Formula 1’de 2018 sezonu tamamlandığında Lewis Hamilton, ezeli rakibi ve daha sonrasında padokta en yakın arkadaşı olacak olan Sebastian Vettel’i şampiyonluk sayılarında geride bırakmış ve psikolojik üstünlüğü eline geçirmişti. 2019 sezonu başlangıcında ise Mercedes’in en büyük rakibi Ferrari’de büyük çaplı değişiklikler yaşanmış, takım patronu Maurizio Arrivabene görevini Mattia Binotto’ya devretmiş ve takımın ikinci pilotu Monaco’lu genç yıldız Charles Leclerc olmuştu.

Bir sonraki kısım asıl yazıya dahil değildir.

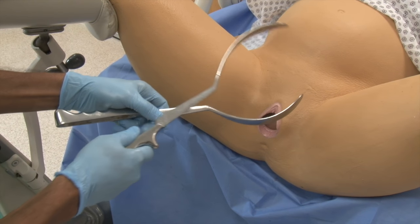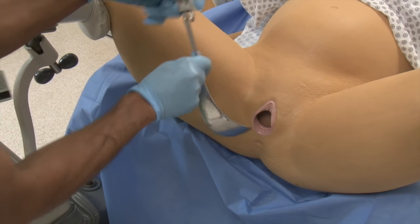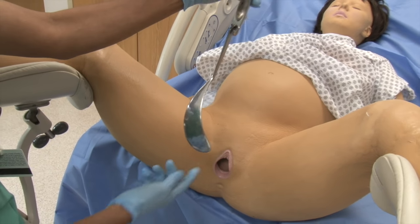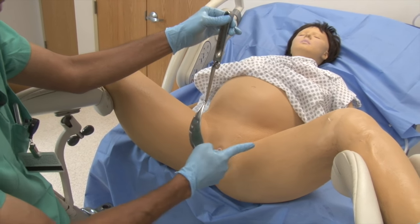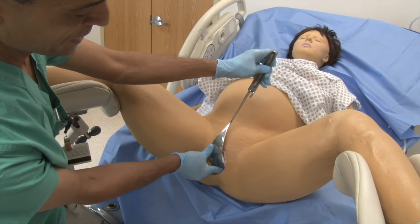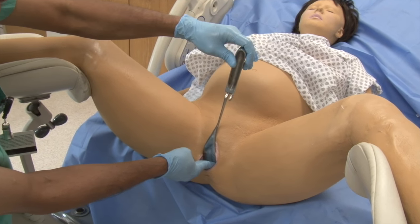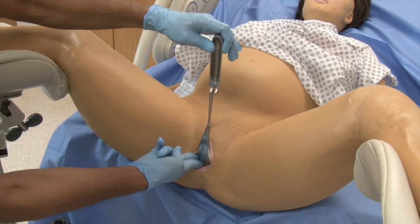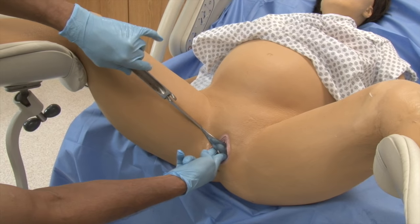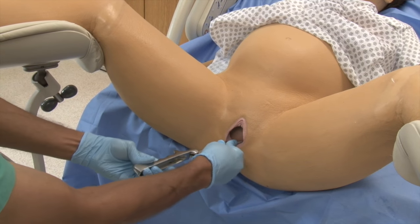I'll take one blade off and put the patient's left side blade in first. This is the first application on the baby's head. I'm holding the blade with my left hand to go on the patient's left side, and it's going to go first on the perineum — I'll protect the perineum with my fingers. The blade goes into the patient. My fingers will be holding that blade on the baby, and I'm rotating my left hand against mom's thigh for a very light, easy application of that forceps onto the fetal head. That's the first blade.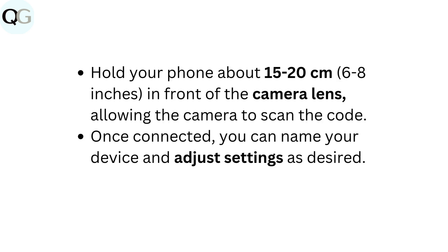Hold your phone about 15 to 20 centimeters (6 to 8 inches) in front of the camera lens, allowing the camera to scan the code. Once connected, you can name your device and adjust settings as desired.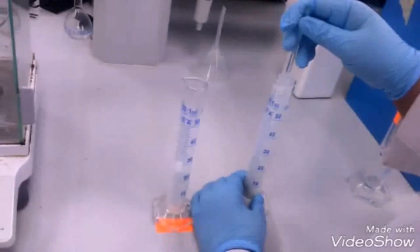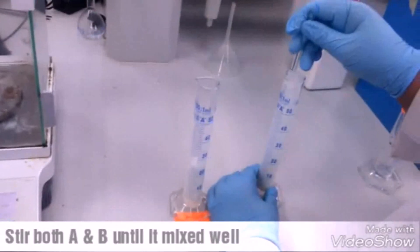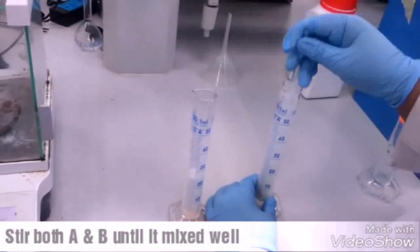Okay, after that, fill both emulsions until it's mixed together.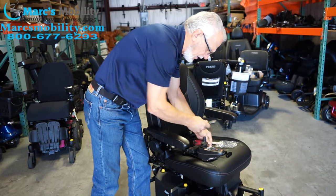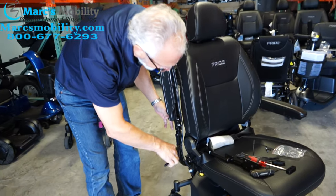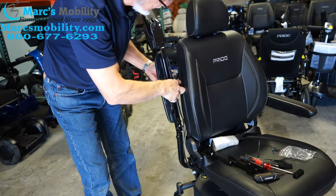The first thing you will do is raise your arm up and cut the little ties right here. There's one there and there's another one here, so the cable is loose.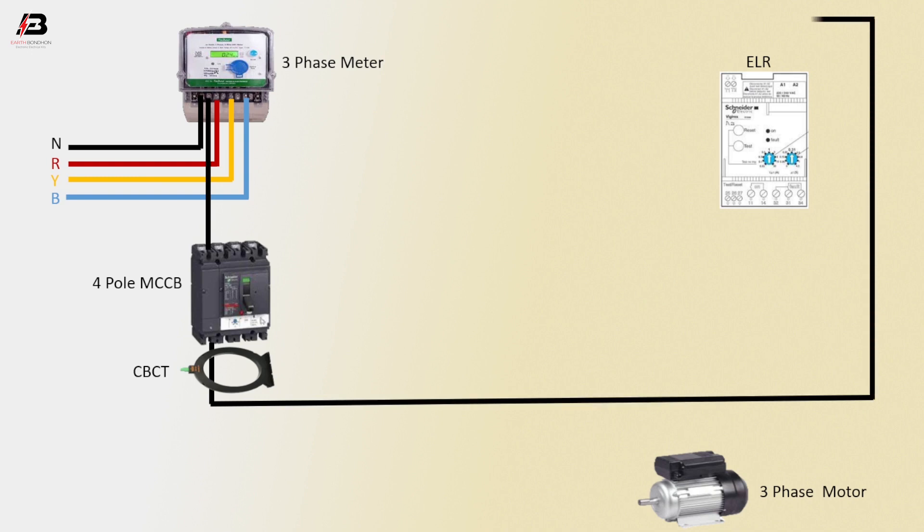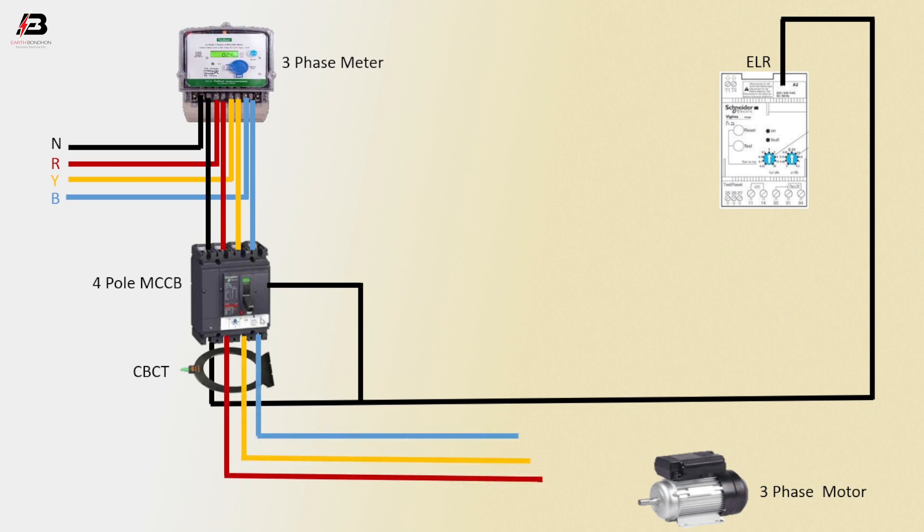Connect neutral with ELR. From four-pole MCCB, neutral connection connects with four-pole MCCB coil. Three-phase connection from energy meter to four-pole MCCB circuit breaker. Three-phase connection outgoing from four-pole MCCB to connect three-phase motor.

Sezon oldukça sıkıcı ve durağan ilerlerken takvimin yarış olarak sıkıcı geçmeye en büyük adayı olan Monaco Grand Prix haftasına girilmişti. Monaco Grand Prix hafta sonuna kadar düzenlenen bütün yarışları Mercedes kazanmış ve her şey Mercedes’in lehine gitmekteyken Ferrari tarafında aracın yüksek yere basma gücü üretememesi kaynaklı problemler yaşanmaktaydı. 20 Mayıs 2019 sabahı sosyal medyaya düşen bir haber ise gündemi tamamı ile değiştirecek ve bütün motorspor severleri tam bir matem havasına büründürecekti. 3 kez dünya şampiyonluğu, 25 kere grand prix galibiyeti bulunan ve bu spora sayısız güzel anı bırakan Niki Lauda, 80 yaşında hayatını kaybetmişti.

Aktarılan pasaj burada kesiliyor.